Segundo o relator da ONU para os direitos humanos na Coreia do Norte, Marzuki Darusman, Pyongyang está incrementando a exportação de trabalhadores para captar divisas no exterior.

Darusman detalhou a situação dos norte-coreanos que trabalham fora do país em seu relatório anual na Assembleia Geral, que este ano voltará a adotar uma resolução condenando a situação dos direitos no país asiático.

“Os nacionais da RPDC (República Popular da Coreia) têm sido enviados para trabalhar em várias partes do mundo, onde atuam sob condições que equivalem a trabalhos forçados…”, advertiu Darusman em entrevista coletiva.

Ao chamar a atenção da ONU sobre os trabalhadores que saem da Coreia do Norte, Darusman afirmou que as empresas que os contratam “se tornam cúmplices de um sistema de trabalho forçado inaceitável”.

Segundo o especialista, os trabalhadores são utilizados especialmente em construção, mineração, indústria têxtil e exploração florestal, tendo seus contratos negociados diretamente por Pyongyang.

A maioria está na Rússia e na China, mas outros 15 países – incluindo Argélia, Angola, Kuwait e Polônia – recebem estes trabalhadores.

Uma construtora do Qatar devolveu 90 norte-coreanos este ano, que faziam uma jornada de mais de 12 horas e não eram alimentados o suficiente.
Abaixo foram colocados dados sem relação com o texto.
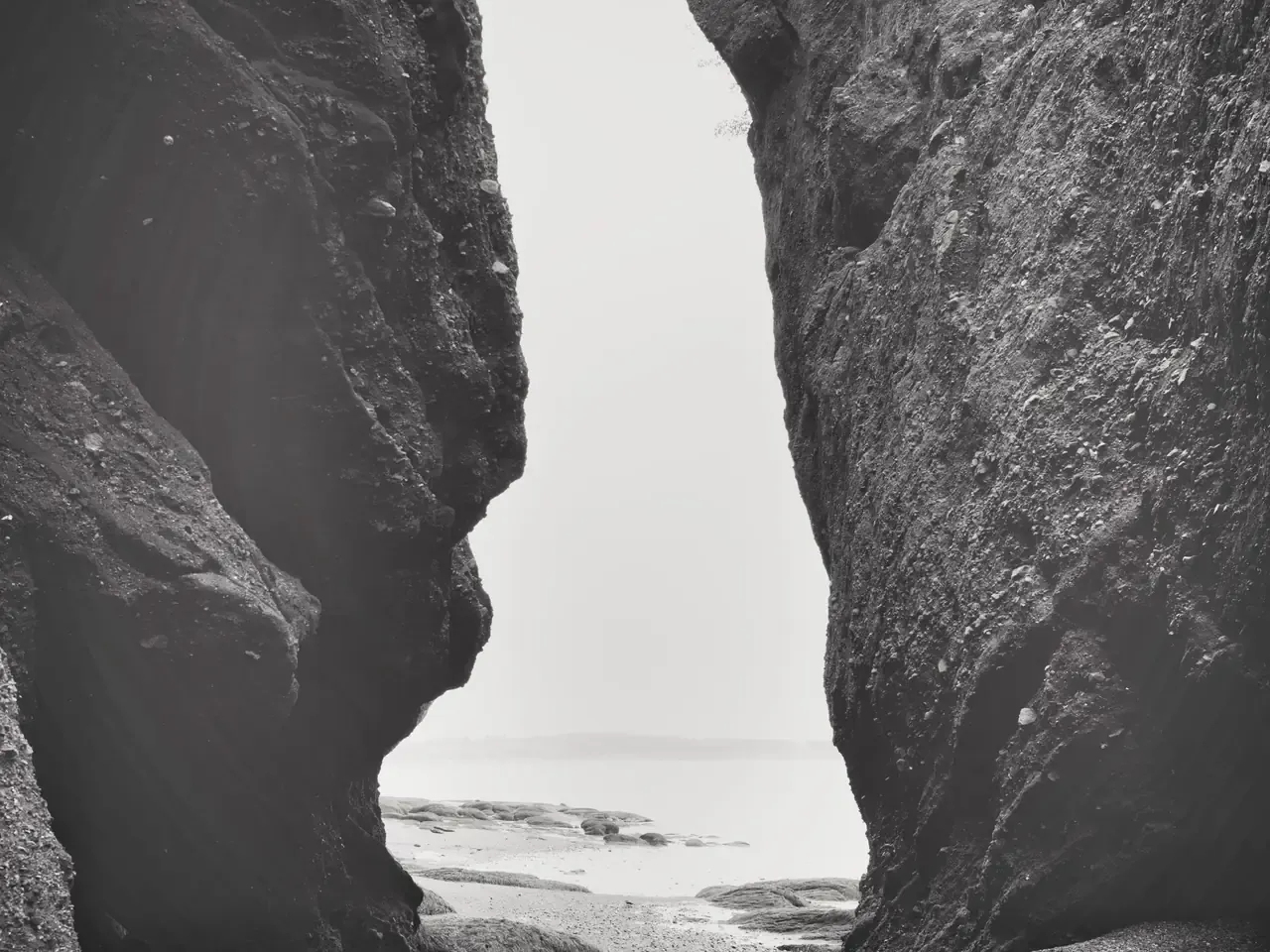 Black-and-white view through a cleft between two rock walls toward the water at Hopewell Rocks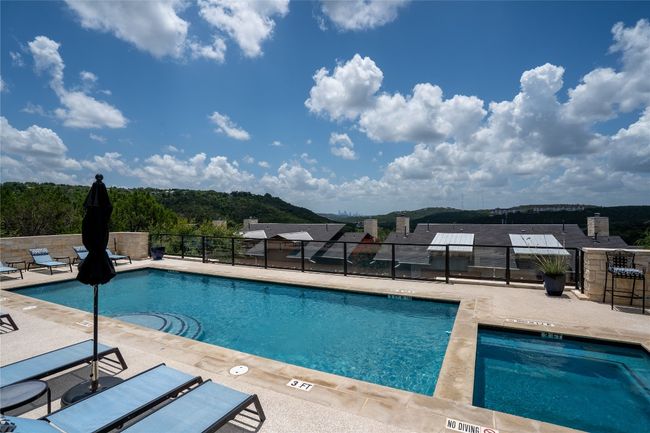 Community pool with a patio | Image 37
Um destes trabalhadores morreu devido a maus tratos, segundo o relatório que será discutido na Assembleia Geral esta semana.

Darusman avaliou que, no geral, não houve progresso na situação dos direitos humanos na Coreia do Norte, e citou temas como a situação nos campos de detenção, pedindo que o Conselho de Segurança leve o país à Corte Penal Internacional por crimes contra a humanidade.